Readers helpfully illustrate my point

...in two ways.

First, one reader responds to Monday’s column with a standard piece of boilerplate:

I am surprised that ncregister has a Pharisee writing for them.There is no comparison between waterboarding the mastermind of the 911 terrorist attack in order to try to prevent another terrorist attack and the mass murder of babies by abortion on demand.  If Mark Shea cannot distinguish between the two he needs to be committed.

Is there a comparison between beating an innocent man to death as we did to Dilawar and tearing an innocent baby apart in the womb?  How about handing an innocent man over for ten months of torture in Syria as we did to Maher Arar and torturing a baby with a failed saline abortion?
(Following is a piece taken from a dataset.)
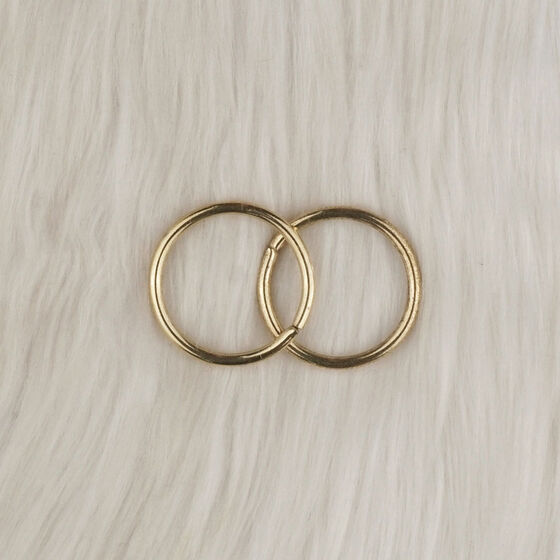 METAL BAG RING 2,5 CM.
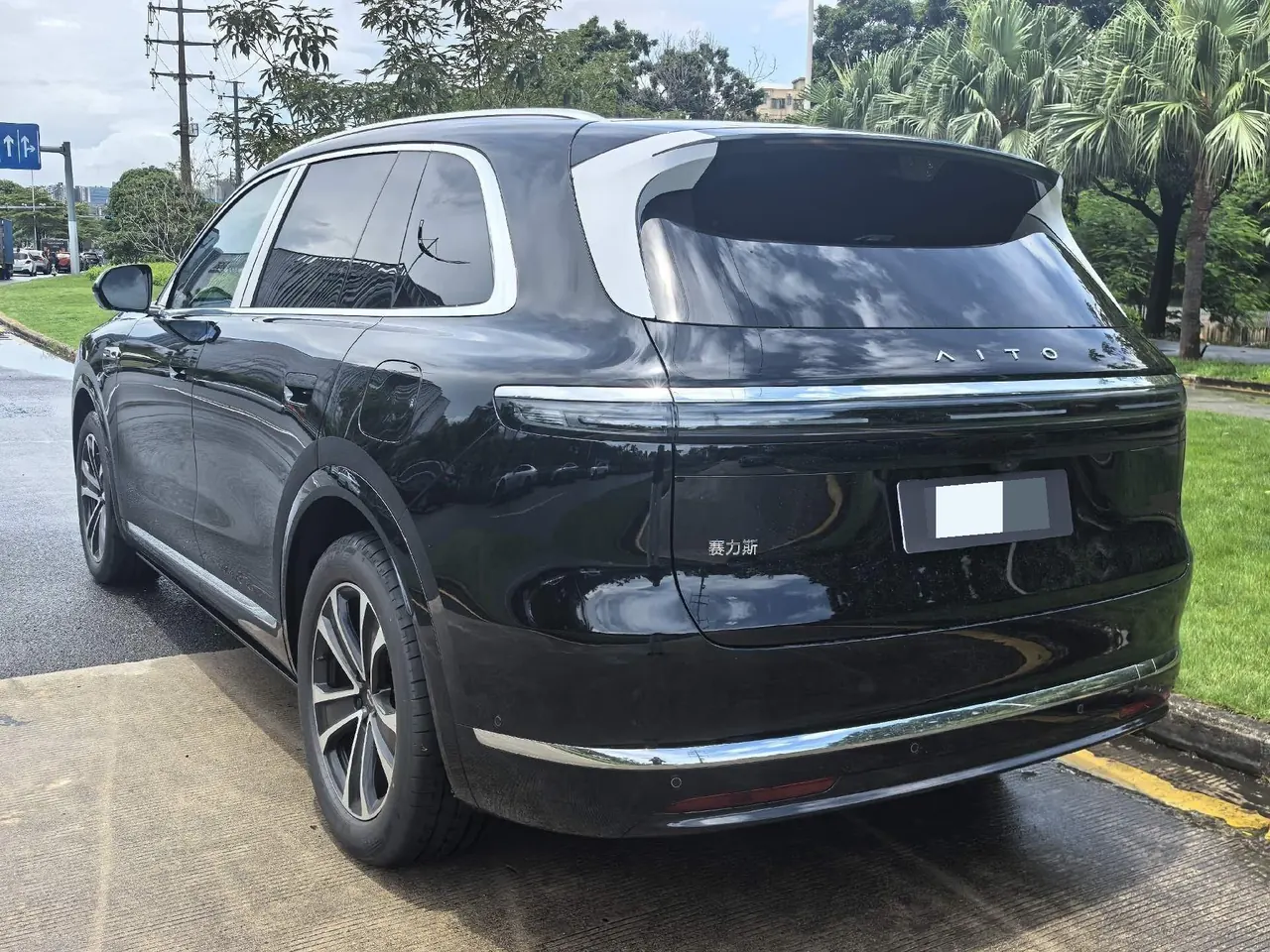 AITO 2026 AITO M7 Pure Electric Max Long Endurance Edition 6 (896-line Laser Radar) Automatic Gear 7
To me, the torture and murder of innocent babies and innocent adults is rather similar.  For this reason, I cannot, in good conscience, vote for a pol who advocates either abortion or torture.

Arar’s case is particularly interesting because, despite the fact that his own Canadian gov’t gave him an apology and several million dollars in reparation for handing him over to us to rendition to Syrian torturers, our gov’t has solved the problem of our obscene treatment of him by keeping him on a no fly list and lying that he is a terrorist rather than admit we tortured an innocent man.  That’s the thing about torture: the state has extremely strong incentives to lie when they torture innocents because otherwise, they are, you know, exposed as war criminals.  Similarly, the state tends to euphemize and lie about the victims of failed abortions and cover up their fate too.  Gosh!  I wonder if these patterns have anything to do with one another?

More than this, we find that torture was a waste of time that actually harmed rather than helped us.  But above all, we discover that the real reason apologists for torture excuse it is because they believe in torture as a form of punishment, not as a form of intelligence gathering.  If they did not—if they really believed that torture was deployed primarily to get information and not to punish—then they would make excuses for our abuse of children as well (such as, for example, our abuse of Khaleid Sheikh Mohammed’s little children and our threats against their lives).  After all, as the CIA reasoned with KSM, parents are much more likely to say whatever it takes to spare their loved ones, so abuse and threats against children are an even more “efficient” way to get intel. 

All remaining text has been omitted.